Operating System [alinux]: 3
Minimum cluster size (instances) [0]: 
Maximum cluster size (instances) [10]: 
Master instance type [t2.micro]: g3s.xlarge
Compute instance type [t2.micro]: p3.2xlarge
Automate VPC creation? (y/n) [n]: n
Allowed values for VPC ID:

1. vpc-01234567 | Default | 7 subnets inside

VPC ID [vpc-01234567]: 1
Automate Subnet creation? (y/n) [y]: n
Allowed values for Master Subnet ID:

1. subnet-ec3fa3c3 | Subnet size: 4096

Master Subnet ID [subnet-a1b2c34d]: 1
Allowed values for Compute Subnet ID:

1. subnet-a1b2c34d | Subnet size: 4096

Compute Subnet ID [subnet-a1b2c34d]: 1
Configuration file written to /Users/bkknorr/.parallelcluster/config

You can edit your configuration file or simply run pcluster create [cluster-name] to create your cluster.

Once the configuration file is written, you’ll need to make a few modifications to enable NICE DCV on the Master node. This is enabled in two steps:

1. Add a line dcv_settings = default to the cluster section of the config file.
2. Create a dcv section that references the value you chose for the dcv_settings and include the line enable = master.

In the example config file below, I’ve highlighted the DCV-related items in bold. I’ve also chosen to deploy the cluster with a GPU-enabled Master instance. A Master instance typically does not need a lot of memory and CPU because it does not participate in any job runs; a c5.large instance would typically suffice. In this case, the master node is hosting NICE DCV remote desktop sessions, so I chose to deploy a g4dn.xlarge because it provides a cost-effective option for graphics-intensive applications.

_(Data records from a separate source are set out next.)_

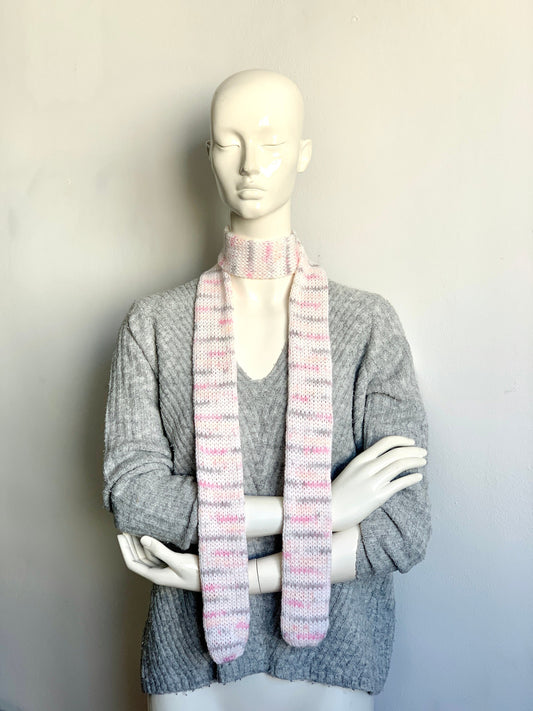 Skinny Scarf White Pink Skinny knit Scarf - White Base with Pink, Grey, Yellow, Orange Accents, Thin Long Scarf for Girls and Women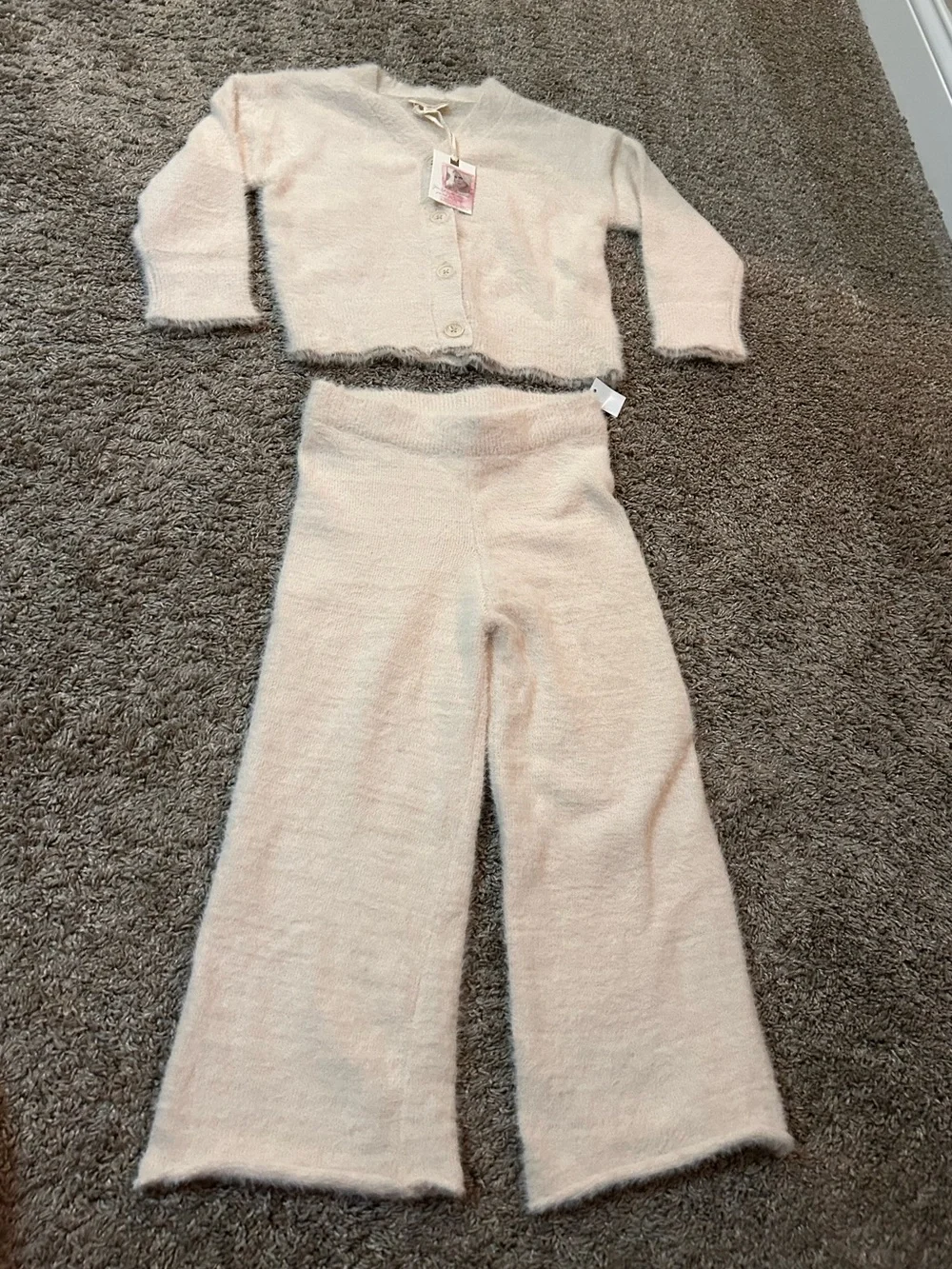 Jessica Simpson Cream Knit Cardigan & Wide-Leg Set
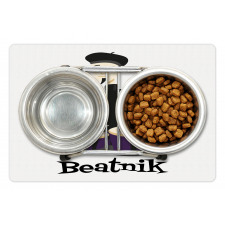 Beatnik Wording Cool Drummer Pet Mat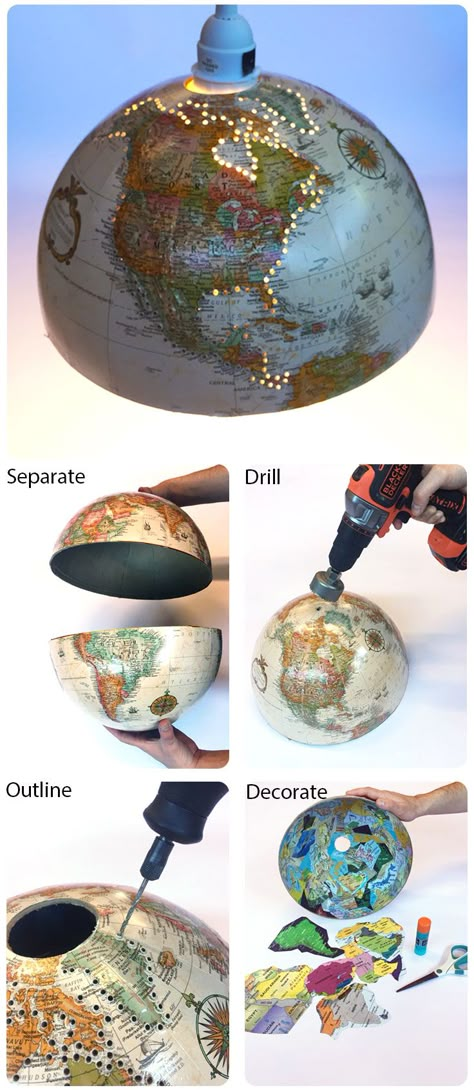 Globe Recycle Ideas, Globe Diy Creative Ideas, Globe Repurpose Upcycling, Decorating With Globes, Globe Lamp Diy, Globe Crafts Diy, Old Globe Ideas Diy Projects, Globe Upcycle Diy Projects, Old Lamp Shades Repurpose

Example pcluster config file

[global]
cluster_template = default
update_check = true
sanity_check = false

[aws]
aws_region_name = us-east-1

[aliases]
ssh = ssh {CFN_USER}@{MASTER_IP} {ARGS}

[cluster default]
base_os = centos7
key_name = hpc-key
vpc_settings = public
initial_queue_size = 0
max_queue_size = 10
placement = cluster
placement_group = DYNAMIC
master_instance_type = g4dn.xlarge
compute_instance_type = p3.2xlarge
cluster_type = ondemand
efs_settings = customfs

dcv_settings = default

[dcv default]
enable = master

# port = 8443
# access_from = 11.22.33.0/24

[vpc public]
vpc_id = [your_vpc_id]
master_subnet_id = [your_subnet_id]
ssh_from = 11.22.33.0/24

[efs customfs]
shared_dir = efs
efs_fs_id = fs-abc12345

Create a cluster

To create a cluster, issue the pcluster create command:

bk:~ bkknorr$ pcluster create hpcblog
Beginning cluster creation for cluster: hpcblog
Creating stack named: parallelcluster-hpcblog
Status: parallelcluster-hpcblog - CREATE_COMPLETE
MasterPublicIP: 34.239.191.193
ClusterUser: centos
MasterPrivateIP: 172.31.81.91

You should have a cluster and remote desktop available within minutes. Once your create command completes, you can connect to your desktop session and run a simulation job.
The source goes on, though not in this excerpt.